For weeks I’ve been amazed that the stock has held in as well as it has (see prior posts “DBRS puts the bullet in Coventree“, September 13-07 and “More Coventree details“, August 15-07). Even after the credit world started to go into convulsions, and the money market buyers went on strike, Coventree’s shares were trading north of $4. Yesterday they finally fell below a buck, to 99 cents.
And the fallout in the leasing world, for example, is reverberating across the country. Funding sources for the small and mid size ticket leases (under $2 million) are drying up. Major global institutions are exiting the Canadian leasing market, and there don’t appear to be too many firms around to pick up the billions of annual business they were carrying.

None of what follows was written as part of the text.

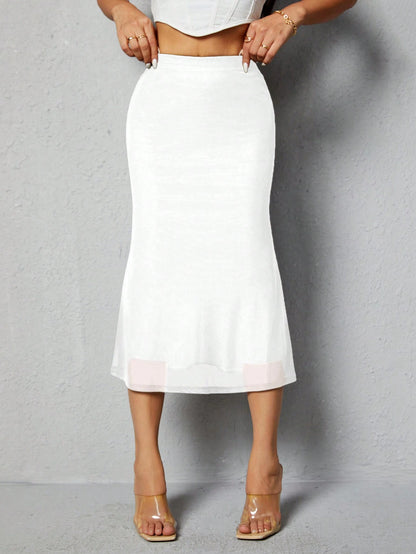 PETITE Women's Solid Color Mermaid Hem Skirt,Petite Women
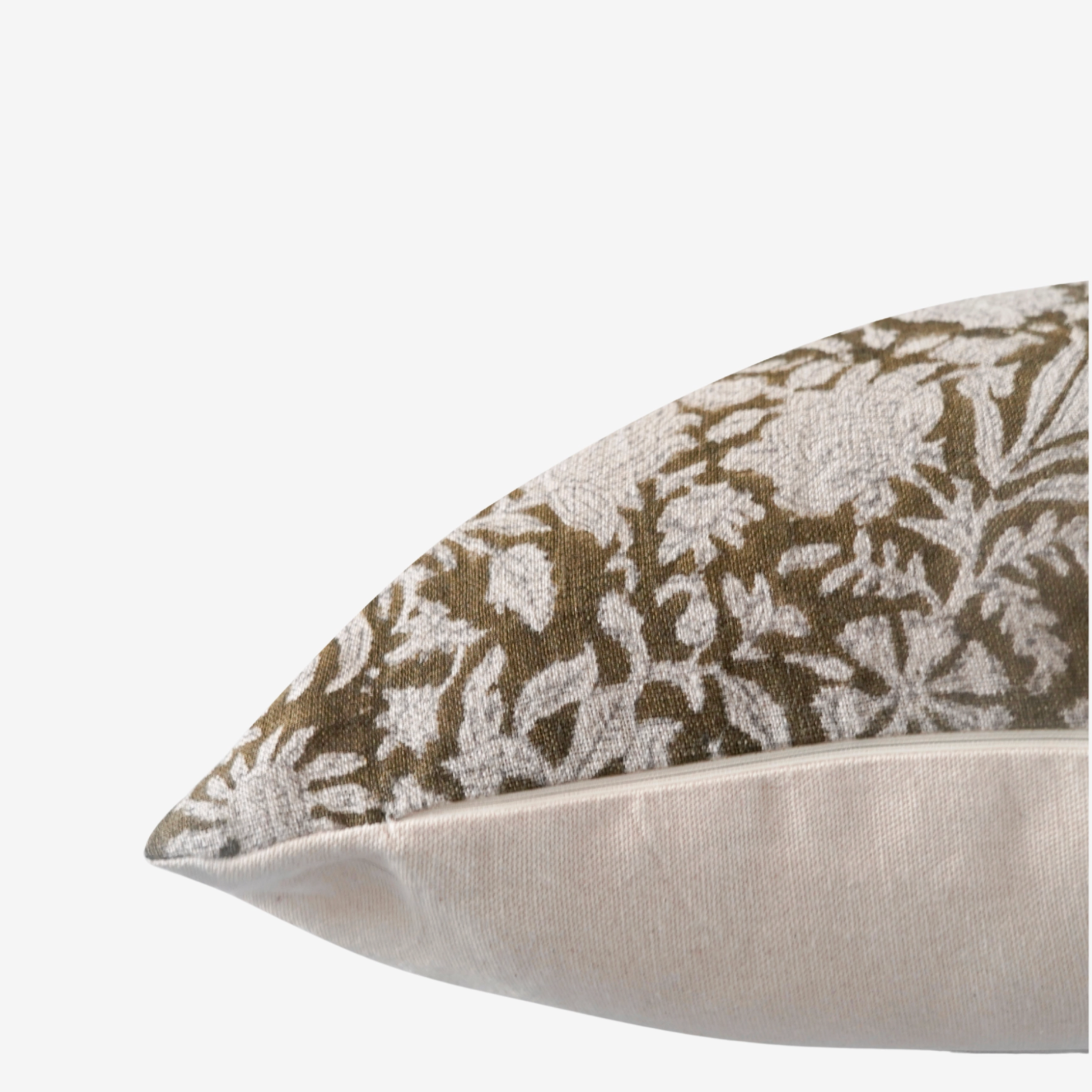 Chimere Indian hand-block linen pillow with artisan pattern, oatmeal canvas back, hidden zipper, and feather-down fill for casual elegance.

The lessons for firms in the domestic specialty finance business are pretty clear:
1. Own your own funding source. Whether it be publicly-traded share capital (such as Quest Capital {QC:TSX}) or long term commitments from some of Canada’s largest institutions (8 years in our case), specialty finance firms need to be structured to succeed. Raising overnight and 30 day paper to finance 48 month leases is, well, umm, insane.
2. See above.
And for companies borrowing from firms in the specialty finance arena, ask your prospective partner shere their capital comes from before you do a deal. If they mumble something about a using multiples of leverage from a standby facility with a foreign bank or hedge fund, you’ve got to recognize that any structure that relies on an ultimate capital provider that you can’t meet face-to-face can suffer the same consequences as Coventree.
Xceed’s (XMC:TSX; year high $7.99, year low $2.54) mortgage clients thought they were borrowing from Xceed. They were, but only in part. It turned out they relied on Coventree. And Coventree relied on the overnight money market universe. Whoops.
If a firm as knowledgeable in lending as General Electric can change their strategy and dump a US$4.5 billion subprime division, every provider in the 2nd hand leverage finance business will be circumspect these days about the risk/reward profile of their own lines of business.